Un ruolo insostituibile, insomma, ma minacciato dai cambiamenti climatici. Prima di tutto, il rialzo della temperatura del pianeta costringe le api a cambiare habitat e spostarsi di continuo alla ricerca di areali più freschi. Altri contraccolpi arrivano dallo stravolgimento delle stagioni con primavere anticipate e freddo fuori periodo: vuol dire avere polline e nettare sui fiori a disposizione delle api quando ancora non sono pronte a raccoglierlo e, invece, fioriture vuote quando dovrebbero alimentarsi, con effetti sulla capacità produttiva e riproduttiva, ma pure sulla resistenza alle malattie. Che è poi un altro risultato del climate change. Il riscaldamento globale, infatti, facilita la proliferazione dei cosiddetti “parassiti dell’alveare”, dalla Varroa alla Vespa Vellutina all’Aethina tumida, micidiali per le nostre api.
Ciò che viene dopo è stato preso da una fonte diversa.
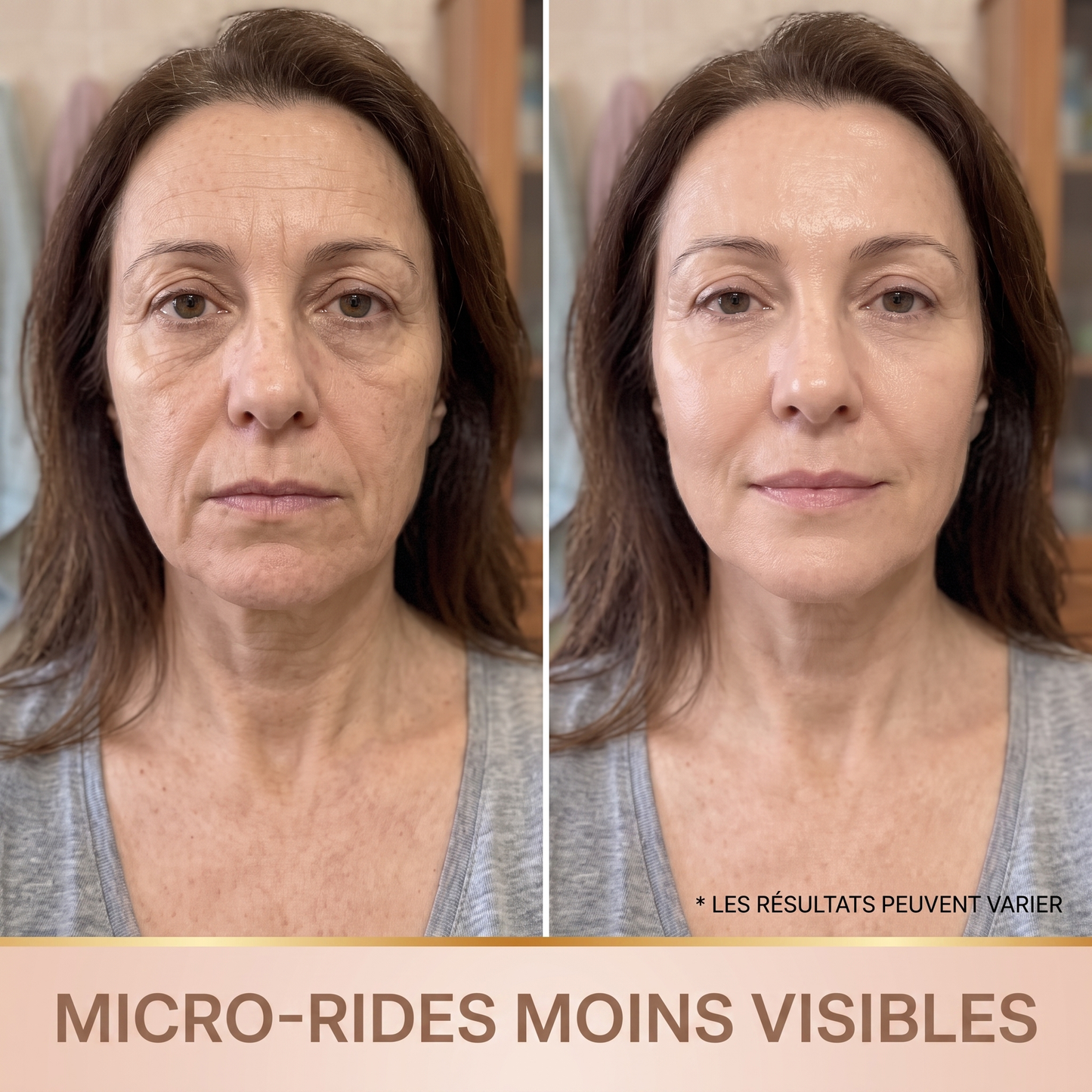 Avant apres micro-rides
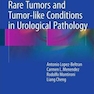 Rare Tumors and Tumor-like Conditions in Urological Pathologyتومورهای نادر و شرایط مشابه تومور در آسیب شناسی اورولوژی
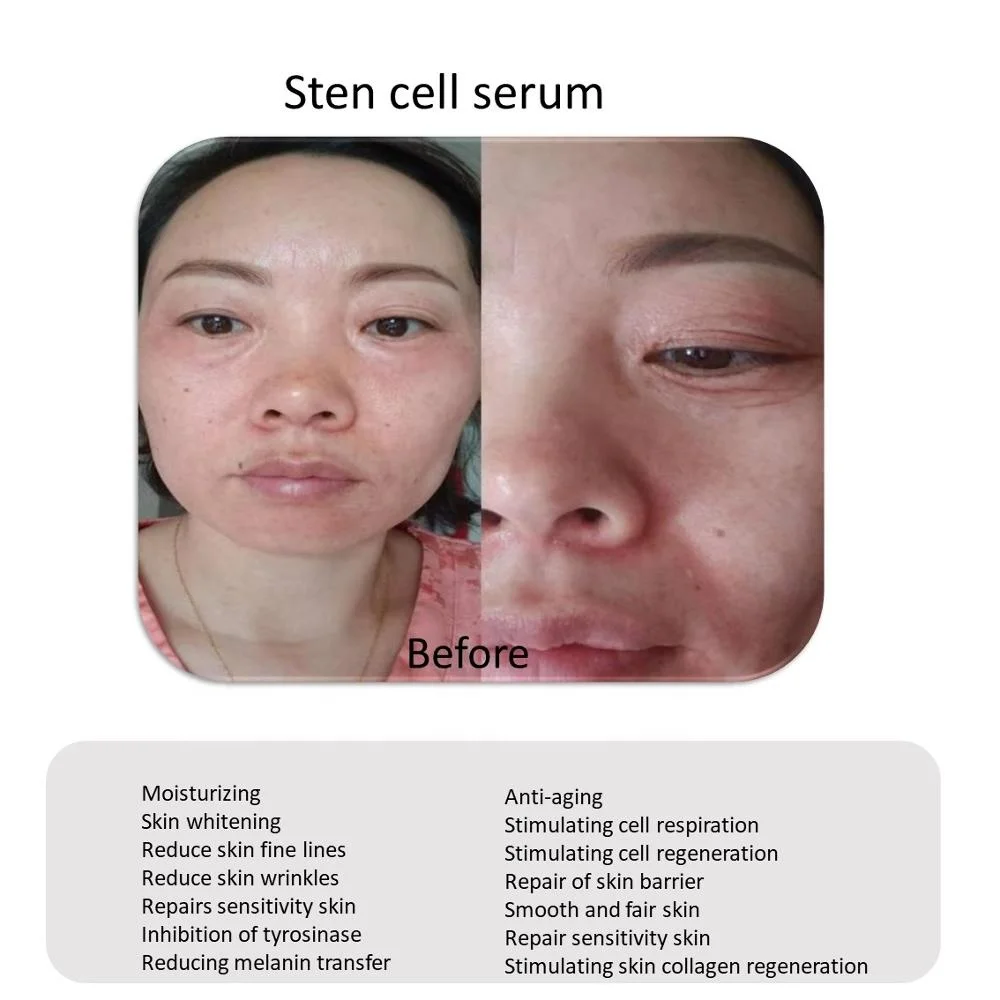
OEM Plant cell remove wrinkles anti aging Face Serum 
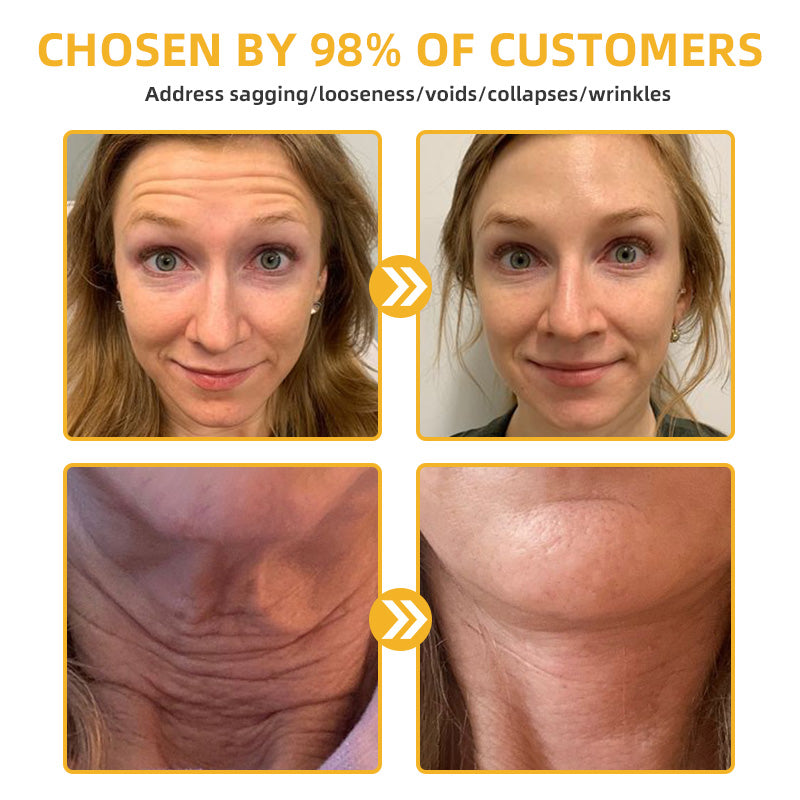 💐🐝HZA™ BeeLift Anti-Aging Firming Cream,Address Crepe & Sagging(🔥74% Off for a Limited Time!)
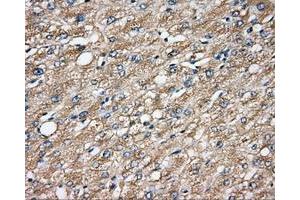 Immunohistochemical staining of paraffin-embedded prostate tissue using anti-CAPZA1 mouse monoclonal antibody. (CAPZA1 Antikörper)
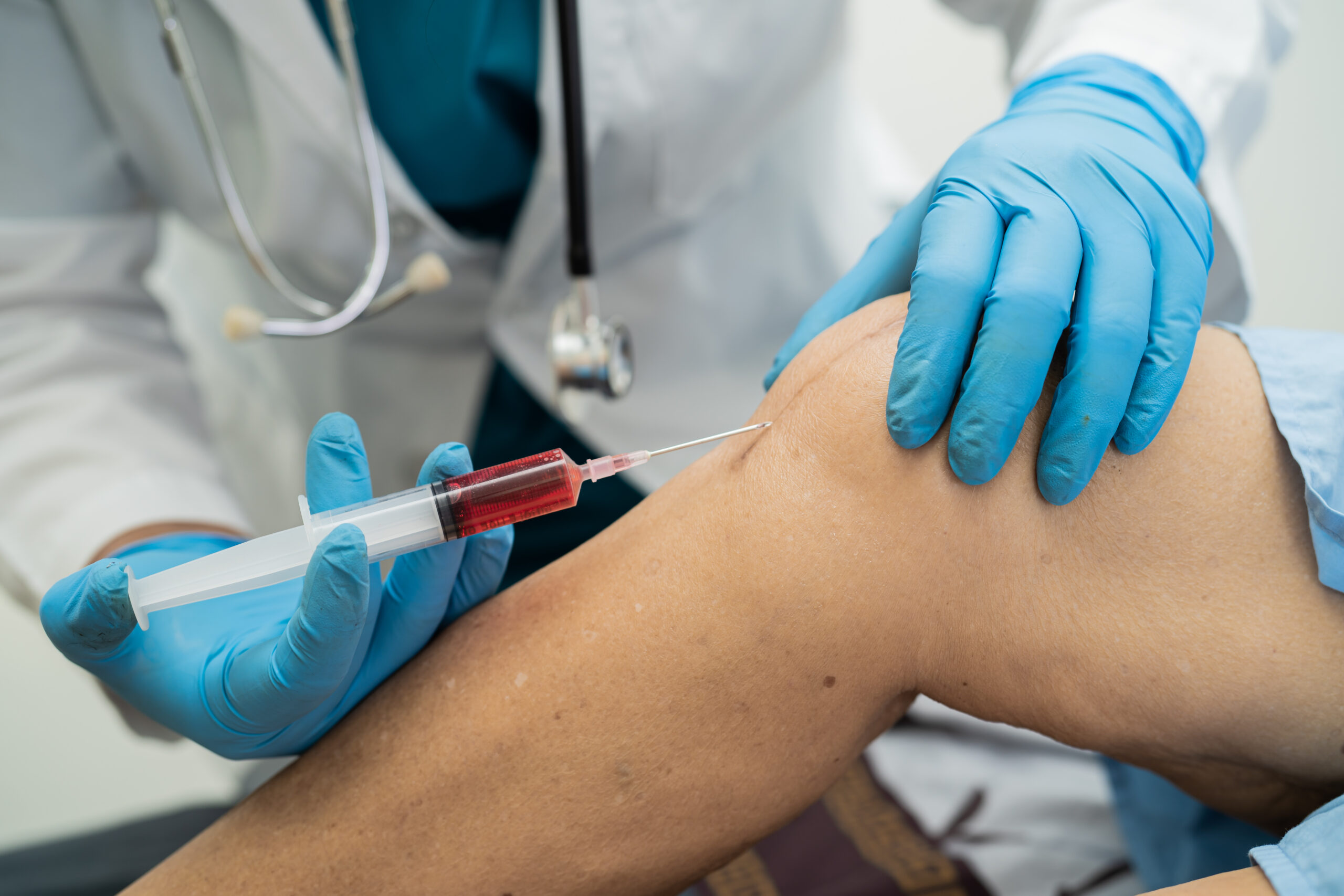Are Platelet-rich plasma (PRP) injections right for you?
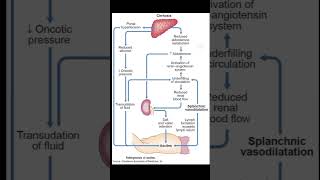 Pathophysiology Of Ascites  Portal Hypertension medical [upl. by Ahsenik]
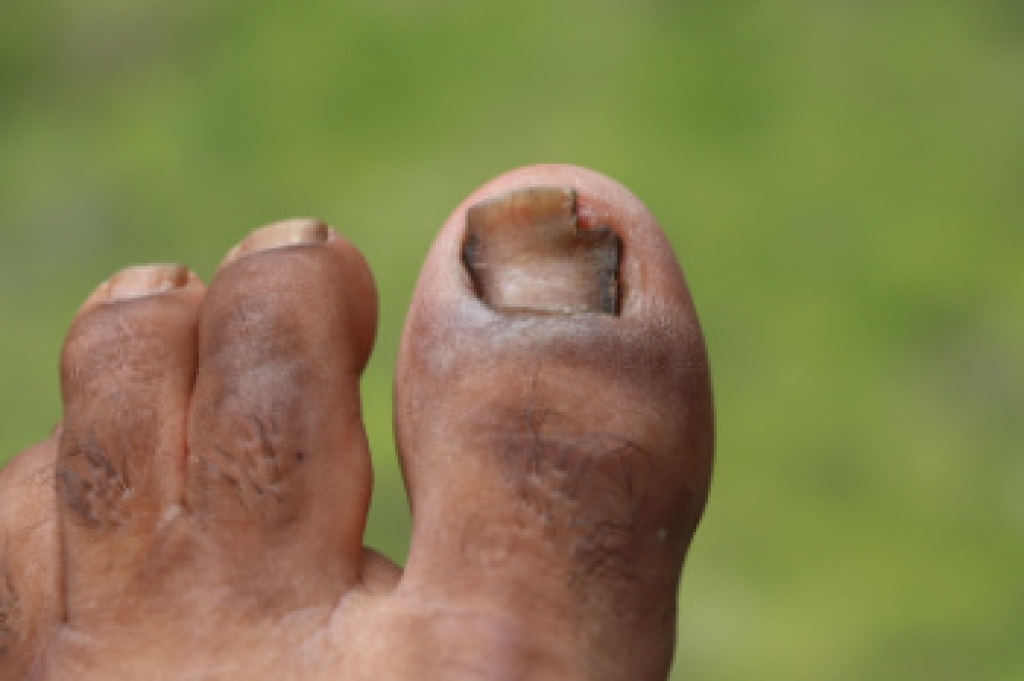 How Toenail Fungus Can Spread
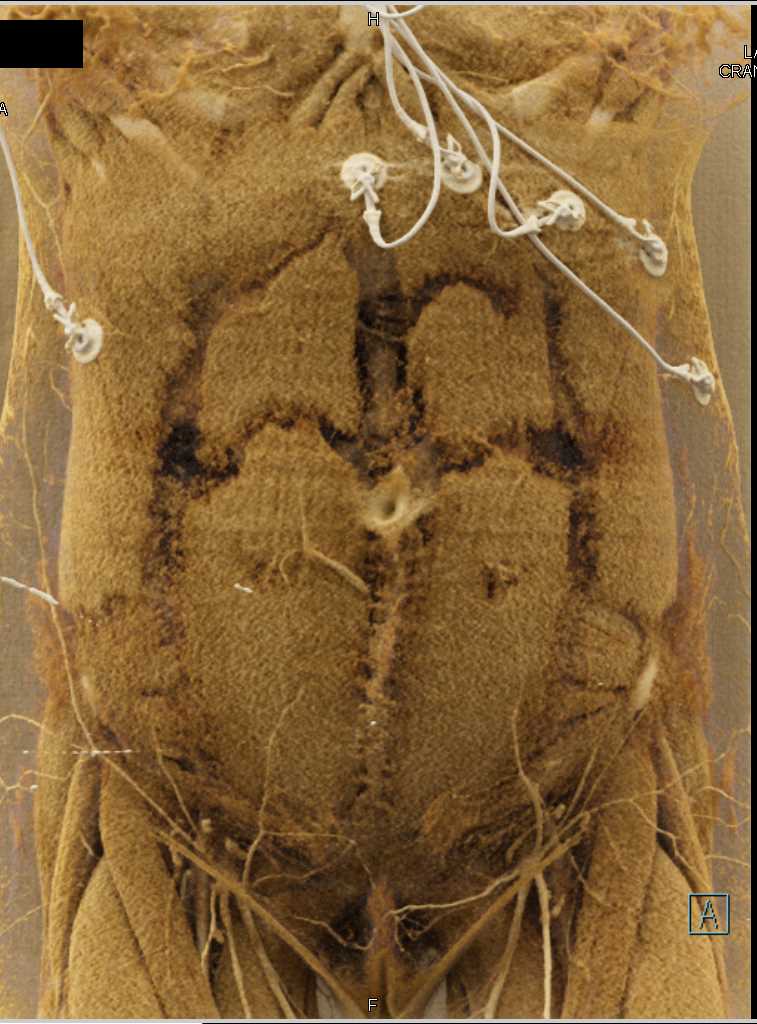 Cinematic Rendering of the Bladder - CTisus CT Scan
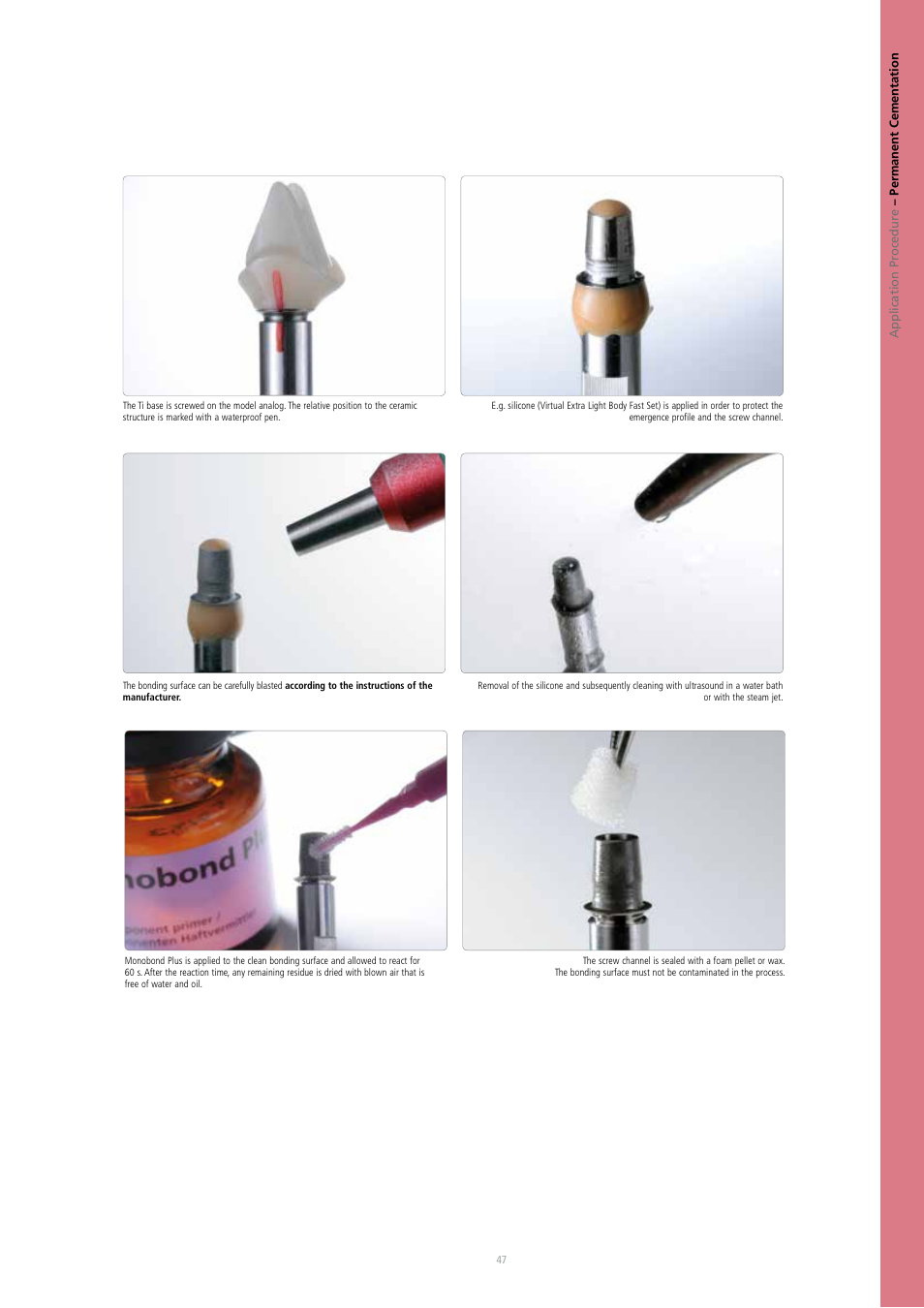 Ivoclar Vivadent IPS e.max CAD Abutment Solutions User Manual | Page 47 / 66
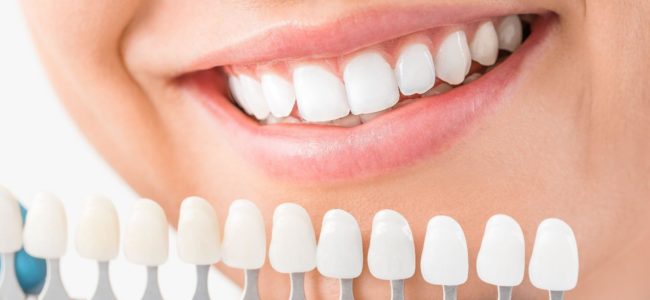 What is the Best Whitener for Your teeth?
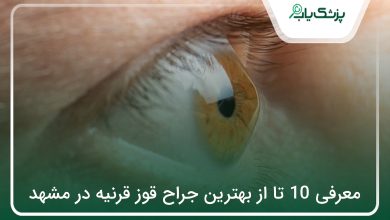 بهترین جراح قوز قرنیه در مشهد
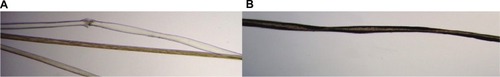 Figure 2 Microscopic hair analysis.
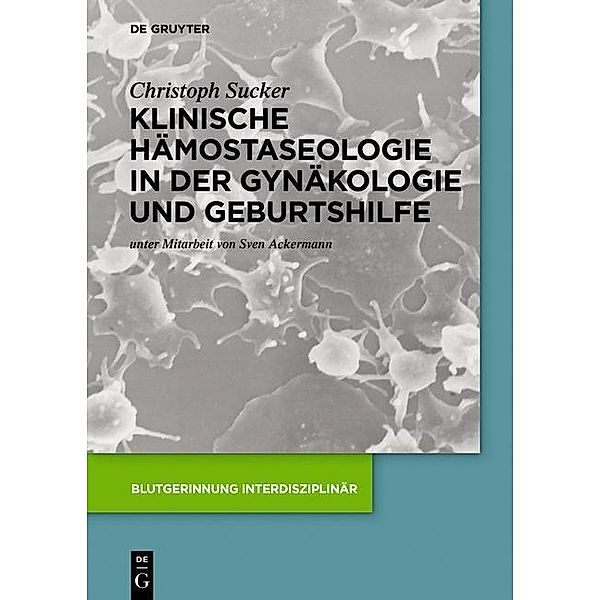 Klinische Hämostaseologie in der Gynäkologie und Geburtshilfe / Blutgerinnung interdisziplinär, Christoph Sucker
Per tutti questi motivi, solo nel 2019 la produzione nazionale di miele di acacia e agrumi ha fatto registrare una contrazione del 41%, con una perdita in termini economici di 73 milioni di euro. E questo nonostante gli oltre 50.000 apicoltori italiani che curano 1,1 milione di alveari sparsi nelle campagne nostrane hanno concentrato i loro sforzi per salvare le api, attraverso la nutrizione artificiale con sciroppo di zucchero e canditi proteici. “È fondamentale quindi promuovere misure che favoriscano e tutelino lo sviluppo dell’apicoltura - commenta il presidente Cia - Agricoltori Italiani, Dino Scanavino - ed occorre sostenere i piccoli apicoltori: il cittadino che compra il miele al mercato contadino, nelle botteghe della nostra associazione La Spesa in Campagna, aiuta gli apicoltori e, con loro, difende la biodiversità e l’economia del paese”. Alle istituzioni, ha aggiunto, “chiediamo di intervenire sul sistema fiscale, prevedendo un’aliquota Iva agricola anche per servizi di impollinazione, pappa reale e polline; di introdurre adeguate misure di sostegno assicurativo contro le calamità naturali; di valorizzare l’apicoltura attraverso incentivi per i produttori agricoli da inquadrare nei Psr”.